But practically speaking I think my original plan was a good one and, in retrospect, I followed it pretty closely.
Destination Gecko
Let's now consider where the journey took us. The point of all this work was to take the browser engine from ESR 78 to ESR 91. What does this give us?Abstractly speaking, one of the most compelling reasons to want to upgrade is because websites routinely attempt to fingerprint browsers and serve different content depending on the result. This practice is as old as the hills, yet remains as common today as it is problematic. I understand that different browsers have different capabilities and that website creators will be blamed (unfairly) if a page renders poorly as a result of a user failing to keep their browser up-to-date. But you'd have thought at the very least browsers could test for features rather than versions.
When browsing using ESR 78 it's not uncommon for a site to chastise its own customers. Updating the engine on Sailfish OS is one way to reduce the chance of seeing these invectives, even if just changing the user agent string is often just as effective as a browser upgrade without any of the effort.
One of the worst offenders is Cloudflare, which routinely blocks the Sailfish browser from accessing sites on its content delivery network. Upgrading to ESR 91 seems to circumvent this in at least some cases.

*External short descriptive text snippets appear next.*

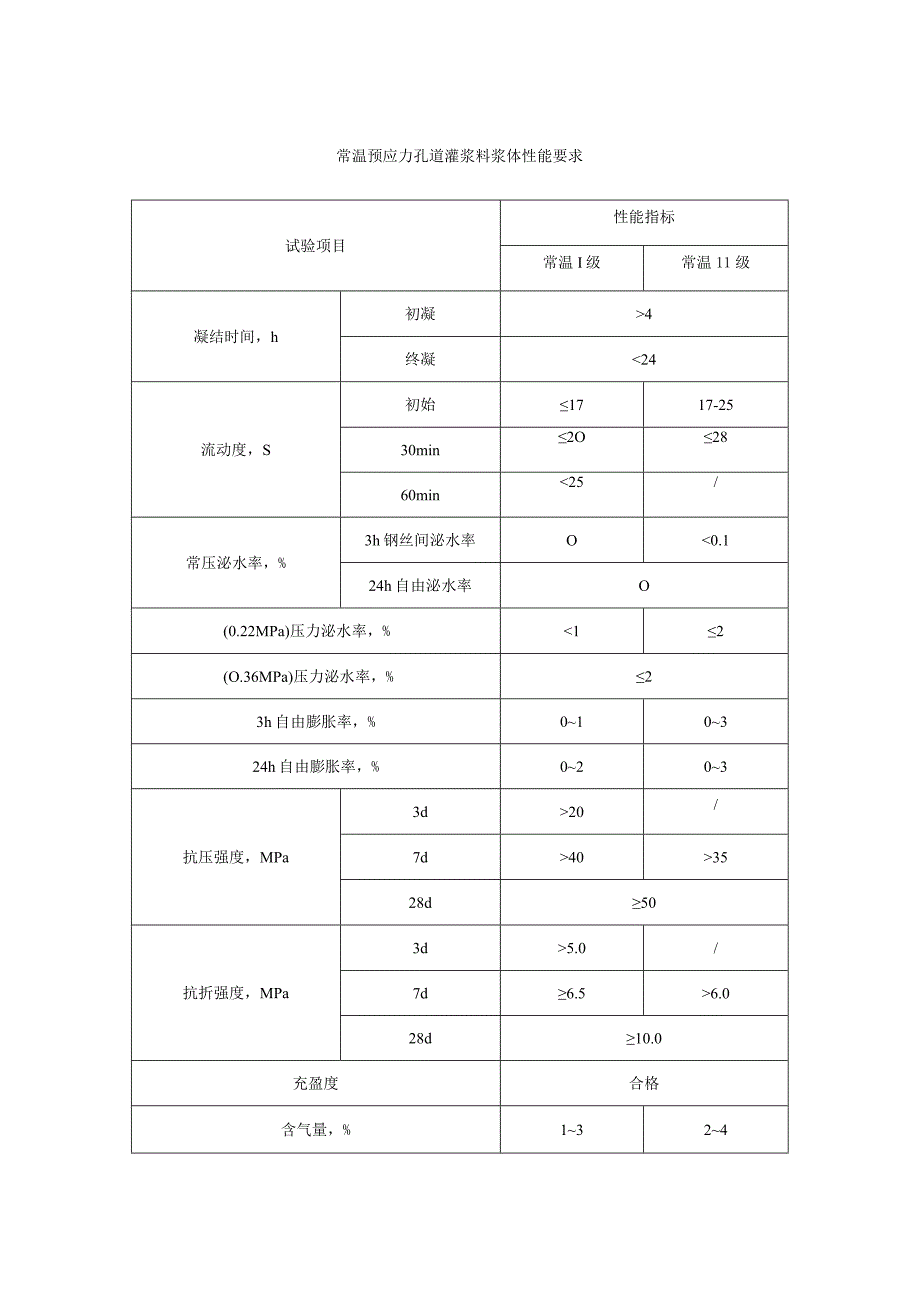 常温预应力孔道灌浆料浆体性能要求.docx_第1页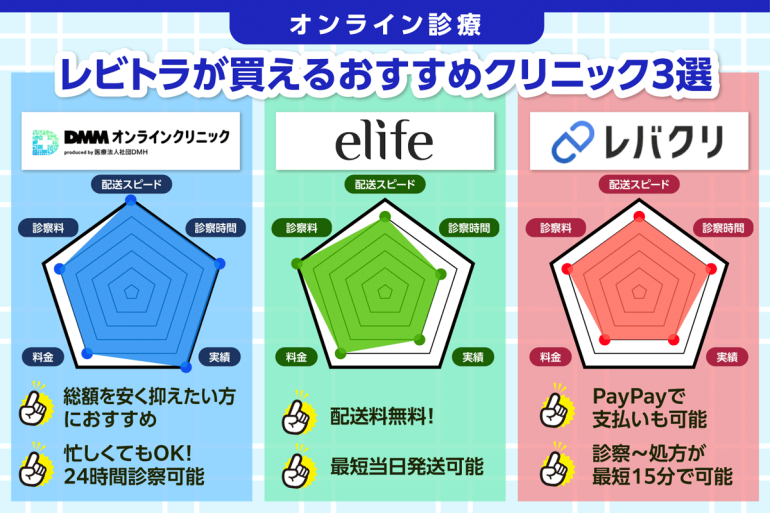レビトラが買えるおすすめのオンラインクリニックを紹介する画像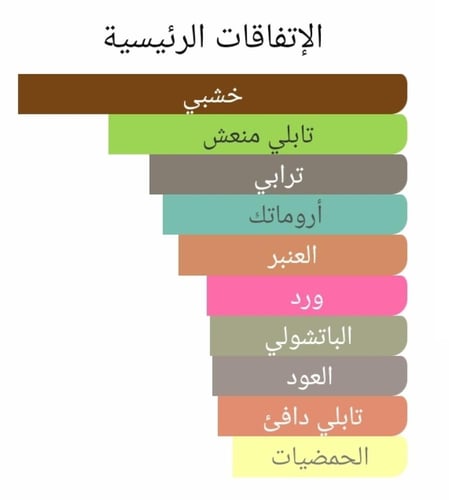 عطر بديل اتش ذا اكسلوسيف عود من روجا دوف H Aoud Ro...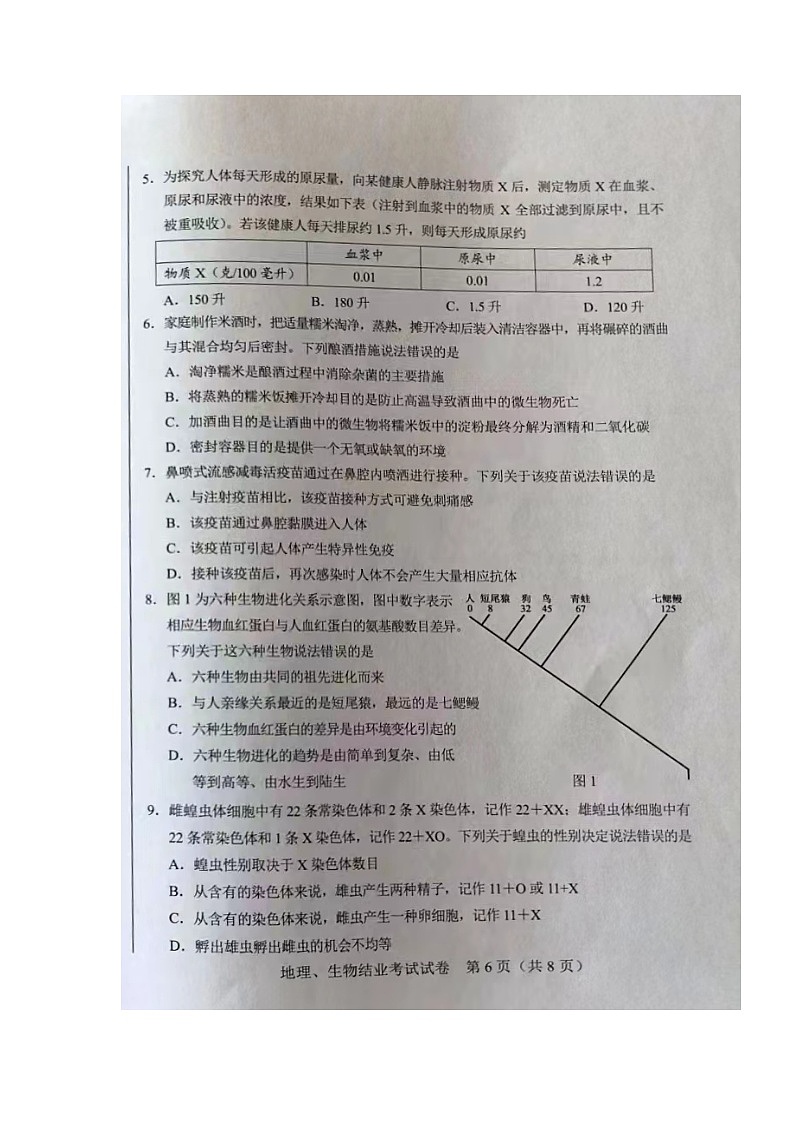 2022年内蒙古自治区阿拉善盟生物会考试卷02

But browser upgrades also bring genuine improvements as well. New features, improved stability, increased security and bug fixes. There have been a total of 45 point releases between the previous Sailfish OS engine of 78.15.0 and the upgraded version at 91.9.1. Each of these point releases has brought improvements, although not all will be relevant to Sailfish OS. Major releases (e.g. from 78 to 79) will typically include new features, stability improvements and security fixes, whereas point releases (e.g. 91.1.0 to 91.2.0) will often only include security and regression fixes.
Working through the Firefox changelogs the following are some of the obvious improvements that have a direct impact on the Sailfish browser:
- Certificate performance improvements (80.0.1).
- WebGL rendering improvements (80.0.1).
- Support for viewing more filetypes (81.0).
- Improved element rendering (81.0.1, 86.0.1).
- Improved PDF export (81.0.1, 85.0.1, 90.0.2).
- Increased startup and rendering speeds (82.0).
- Fixes for WebSocket message duplication (82.0.2).
- SpiderMonkey JavaScript performance improvements (83.0).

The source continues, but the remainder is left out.